World-first experiment returns partial sight to the blind

2 minute read


This one’s a heart warmer!


After 40 years of blindness, a man from northern France has been given partial sight back through gene therapy treatment.

That’s right – no mockery today, just a cool story.

The 58-year-old man was diagnosed four decades ago with retinitis pigmentosa, a degenerative disease that causes the eye’s photoreceptor cells to die.

The treatment, provided by the Paris-based company GenSight Biologics, involved an injection of a virus encoding light-sensitive bacterial proteins into the retina.

This virus vector bypasses the photoreceptor cells (which would normally house these light-sensitive proteins but aren’t available in people with this disease) and delivers the load to the retinal ganglion cells, which are the second step along the pathway of sending vision signals to the brain.

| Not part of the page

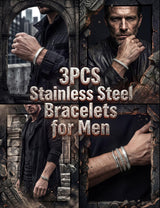 YADOCA 3Pcs Stainless Steel Bracelets for Men Roman Numeral Bangle Bracelet Adjustable Cuff Bracelet Twisted Cable Bracelet Mens Luxury Bracelets Jewelry Gifts Gold/Silver/Black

The man was injected with these light-sensitive genes and then the researchers waited for four months until the retinal ganglion cells started producing the protein before checking the patient’s vision.

The man wore goggles designed to replicate the work of photoreceptor cells in processing light over several months.

After a few months, the man started to be able to interpret the dots correctly and was able to see high contrast images such as white stripes on a cross walk. 

The results, published on 24 May in Nature Medicine, were a world-first for the use of optogenetics to treat retinitis pigmentosa, a condition that affects over 2 million people worldwide.